La cabine de douche et le lavabo dans un compartiment-voyageurs du futur train.
En 1928, René Lalique avait créé des panneaux décoratifs en verre pressé-moulé sur feuille d’argent pour les voitures-salon du train Côte d’Azur Pullman (le Train Bleu qui reliait Paris à Vintimille), représentant des merles et des raisins, dessinés par sa fille Suzanne. Ces panneaux récupérés dans les anciennes voitures ornent des niches dans les compartiments voyageurs.
Une affiche publicitaire du Britannique Roger Broders, connu pour ses affiches d’esprit Art Déco représentant Monaco et la Riviera. Regardez le personnage qui symbolise le point de départ et celui pour le point d’arrivée !

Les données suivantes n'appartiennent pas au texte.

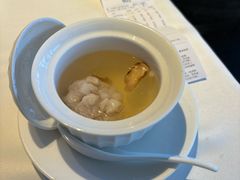 -四季民福烤鸭店(故宫店)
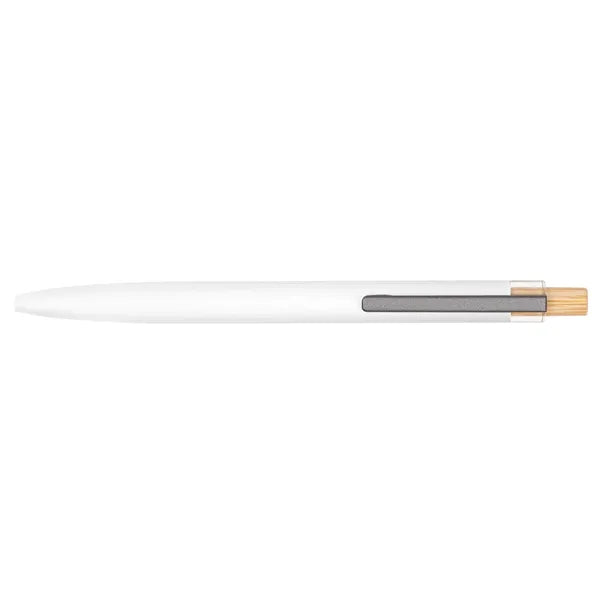 EcoRubber Grip Pen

En 2024, Accor a établi un partenariat avec LVMH pour que la marque Orient-Express soit exploitée sous plusieurs formes : le voilier, l’hôtel et le train :
Le Voilier Orient-Express Corinthian, 220m de long, 54 suites pensées par Maxime d’Angeac, prévu pour juin 2026. Comme pour les trains, la direction culinaire a été confiée au chef étoilé Yannick Alléno.
Le premier hôtel Orient-Express, ouvert en 2025, est l’Hôtel La Minerva à Rome près du Panthéon, dans l’ancien palais Fonseca du 17e siècle, près du célèbre obélisque surmontant un éléphant, œuvre du Bernin. 93 chambres et suites. La décoration a été confiée au designer Hugo Toro, architecte d’intérieur des restaurants Gigi (Paris, Val d’Isère, Ramatuelle).
Puis, à Venise, étape historique de l’Orient Express, l’Hôtel Palazzo Donà Giovannelli a ouvert en 2025 dans un palais du 15ème siècle : 47 chambres et suites.
Les trains qui circulent déjà sont :
Le Venice-Simplon-Orient-Express entre Paris et Venise ou Istanbul, opéré par Belmond (LVMH).
Le Dolce Vita Orient-Express, inspiré des années 1960, en Italie (Accor). Lancé en 2025, il s’agit du premier train de luxe entièrement conçu en Italie, composé de 31 compartiments-voyageurs. Il propose 8 itinéraires exclusifs dans la péninsule italienne.
Le nouveau train présenté ici, le Nostalgie-Istanbul-Orient-Express, sera, en 2027, la nouvelle étape de cette renaissance, et un Ambassadeur du luxe à la française.